[WORK ITEM]
Write out exactly, and only, the lines below from the line with "a document that has a picture of a man on it" through the line with "cay-implant-4.jpg"; pictures do not belong in the copy.

[DATASET EXTRACT]
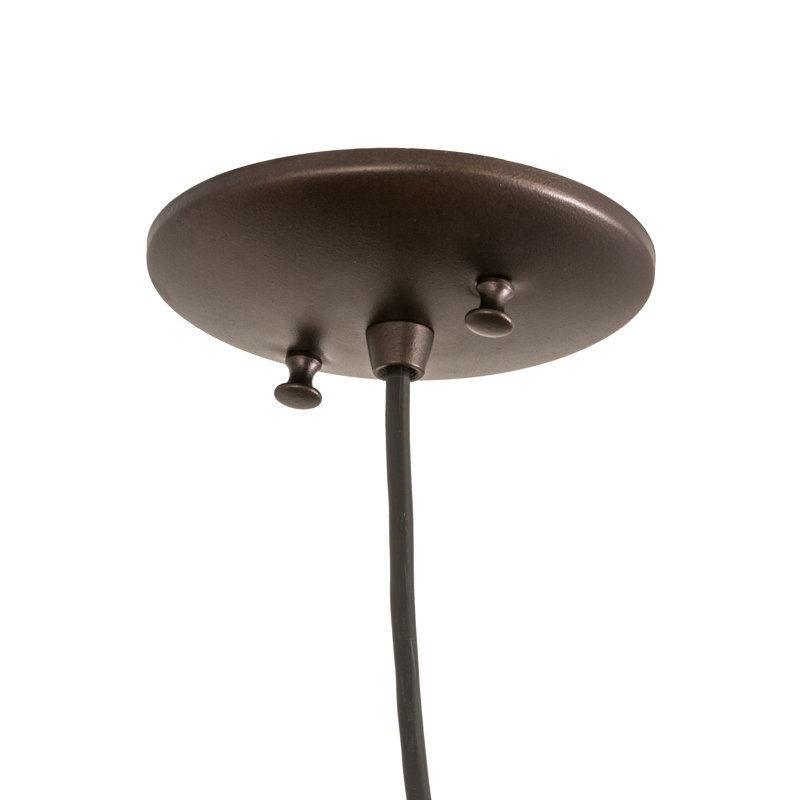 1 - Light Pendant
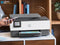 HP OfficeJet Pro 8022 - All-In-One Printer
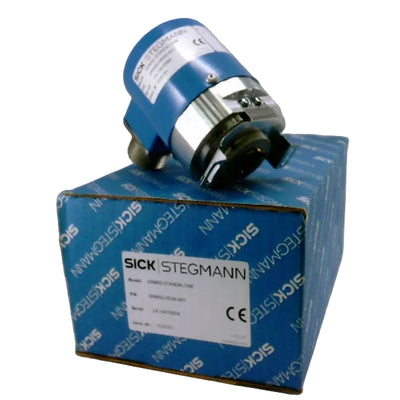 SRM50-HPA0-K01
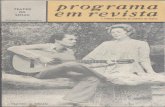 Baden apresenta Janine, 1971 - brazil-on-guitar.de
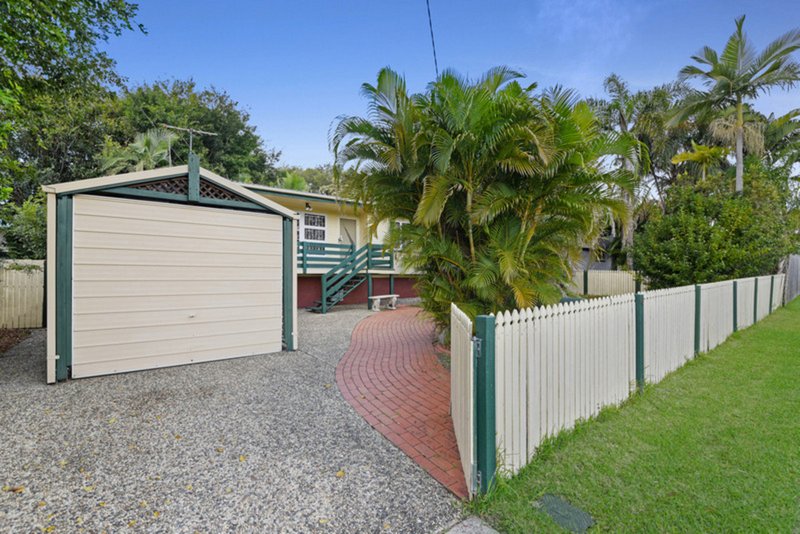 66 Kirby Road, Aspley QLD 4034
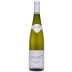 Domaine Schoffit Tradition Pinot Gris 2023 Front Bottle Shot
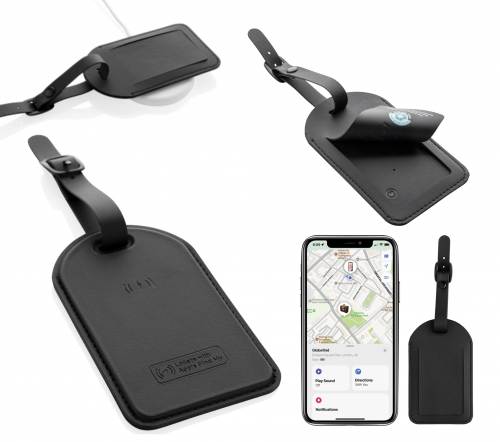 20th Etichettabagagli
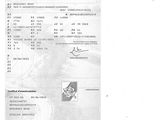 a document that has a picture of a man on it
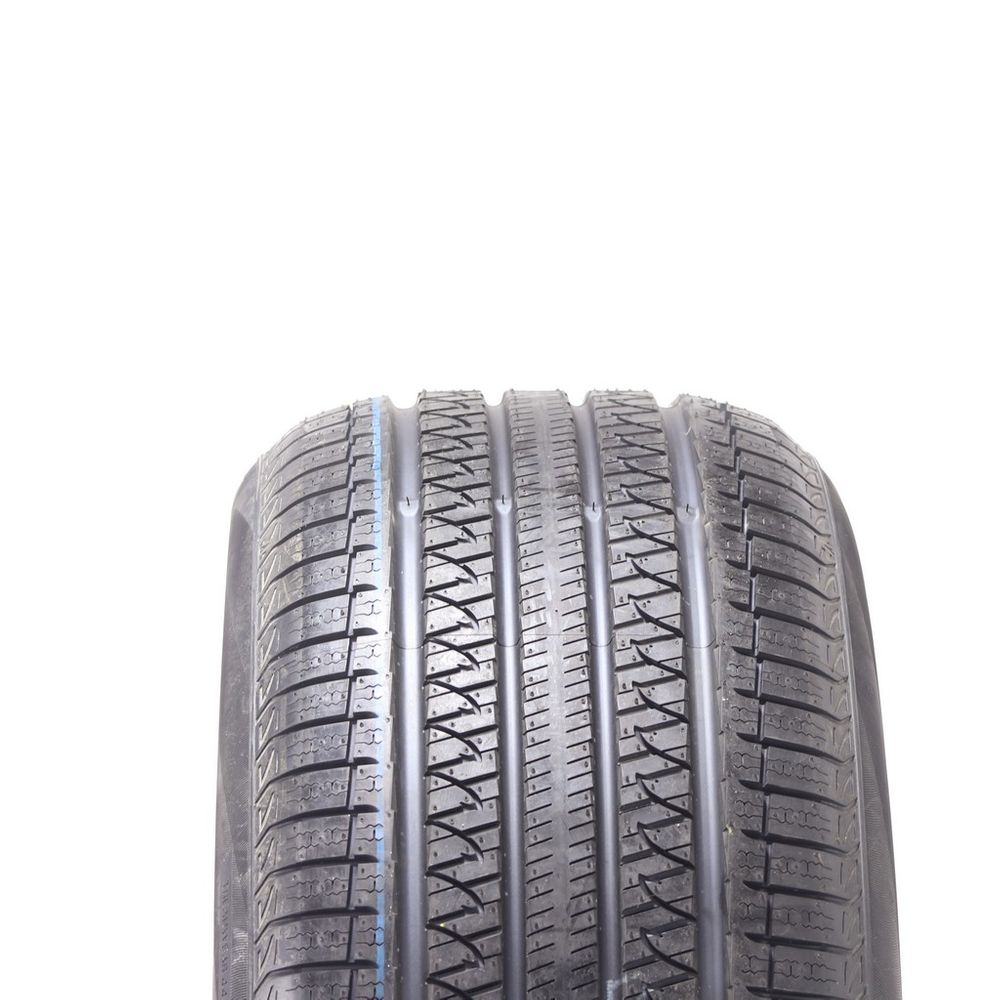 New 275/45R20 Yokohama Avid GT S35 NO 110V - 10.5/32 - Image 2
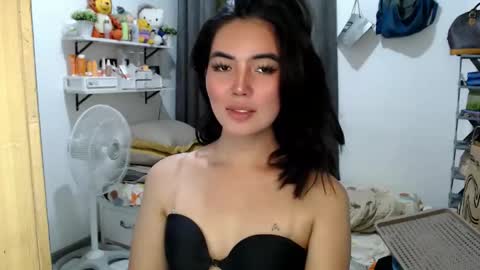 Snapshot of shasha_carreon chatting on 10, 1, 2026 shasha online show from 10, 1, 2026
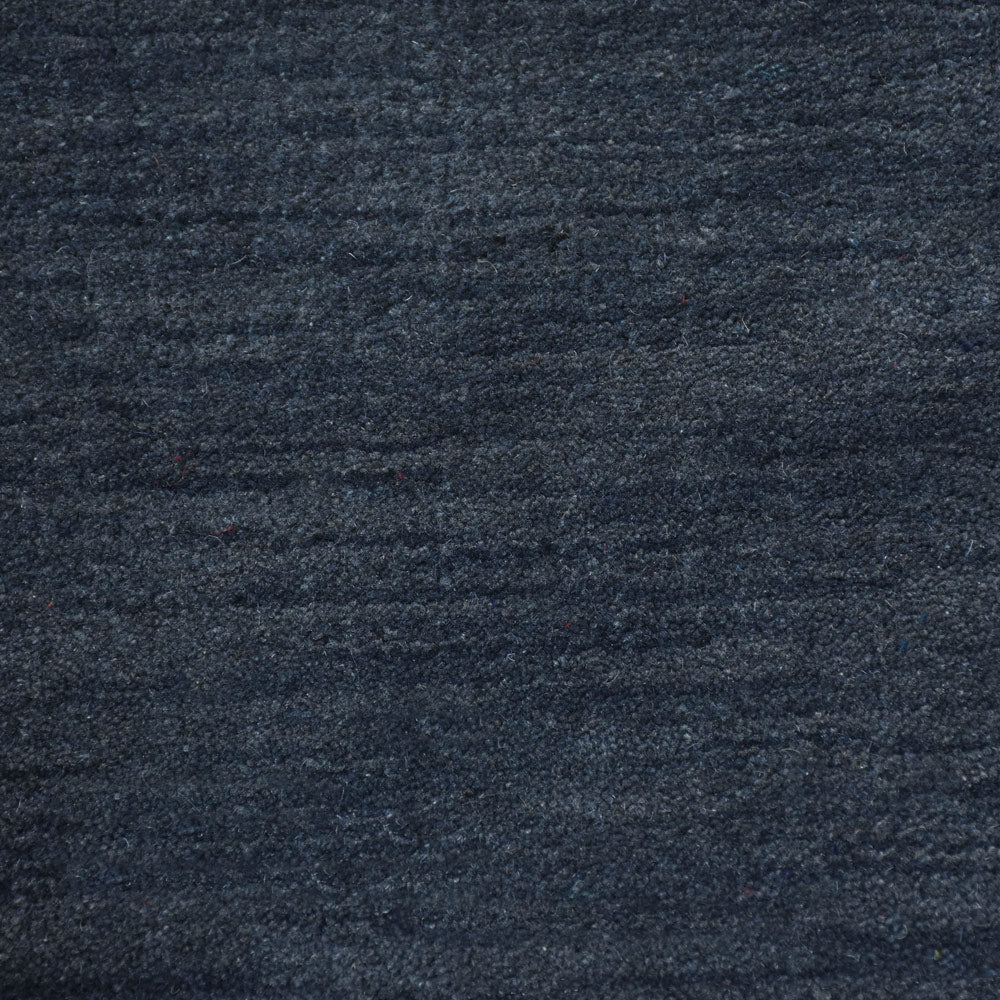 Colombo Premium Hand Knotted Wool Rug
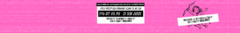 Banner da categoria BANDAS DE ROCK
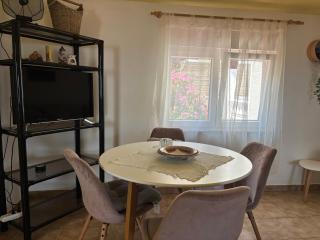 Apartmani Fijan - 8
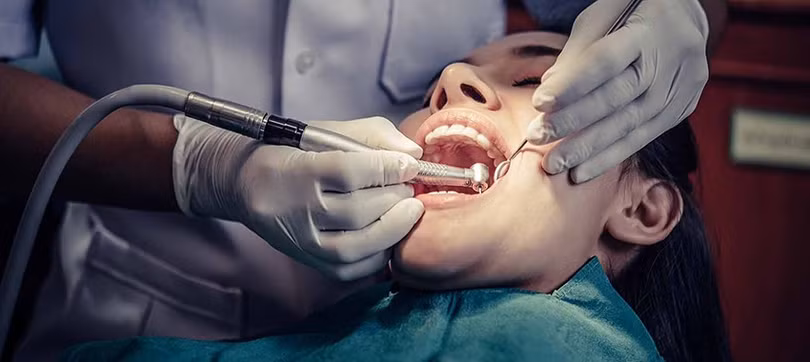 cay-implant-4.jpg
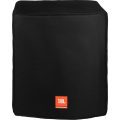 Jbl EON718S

* * *

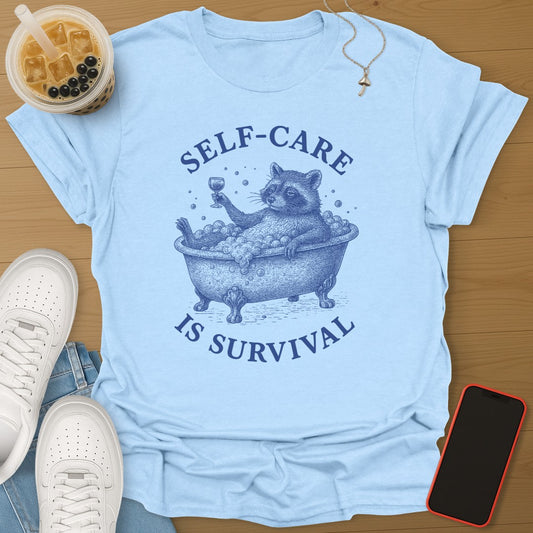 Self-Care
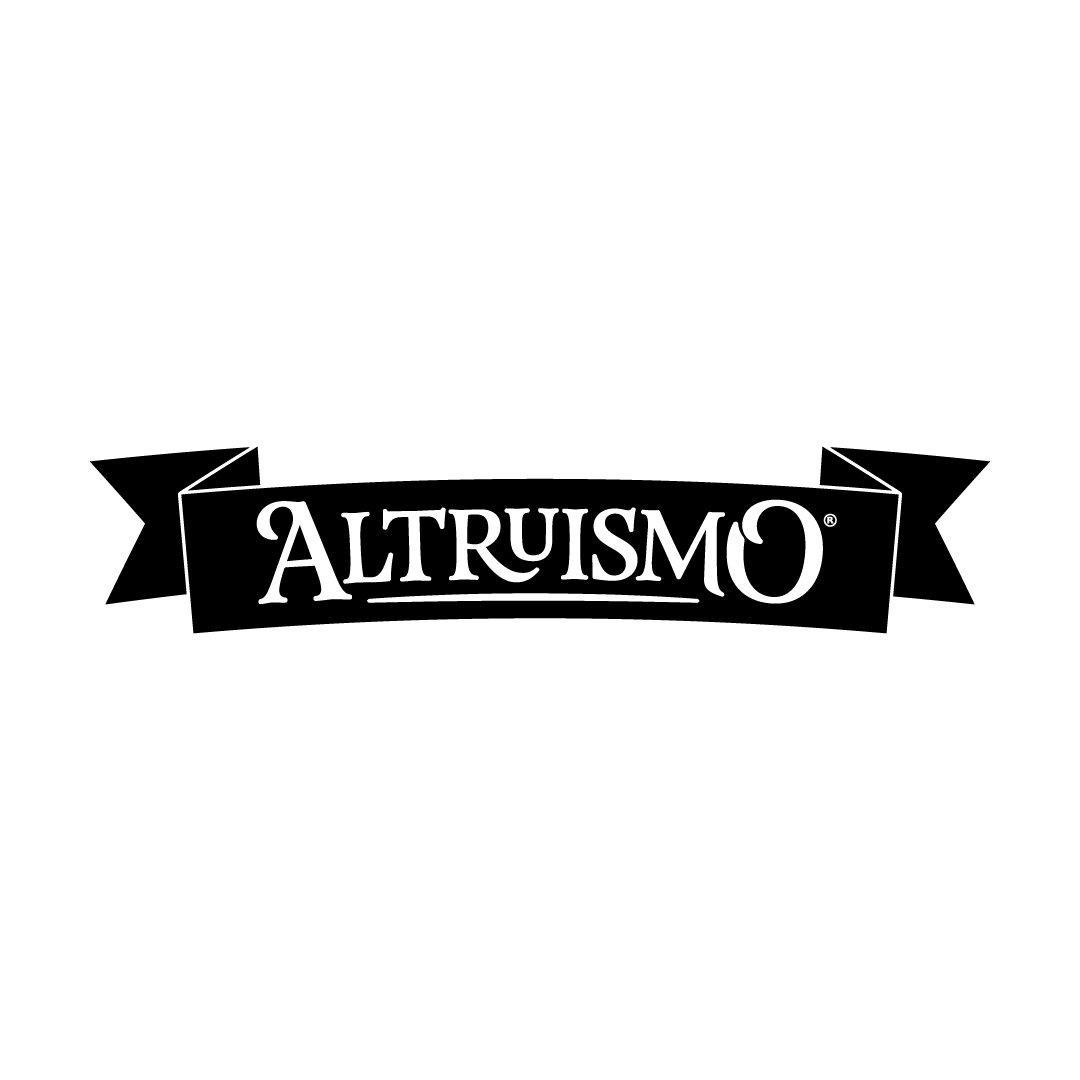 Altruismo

[SOLUTION]
 a document that has a picture of a man on it
 New 275/45R20 Yokohama Avid GT S35 NO 110V - 10.5/32 - Image 2
 Snapshot of shasha_carreon chatting on 10, 1, 2026 shasha online show from 10, 1, 2026
 Colombo Premium Hand Knotted Wool Rug
 Banner da categoria BANDAS DE ROCK
 Apartmani Fijan - 8
 cay-implant-4.jpg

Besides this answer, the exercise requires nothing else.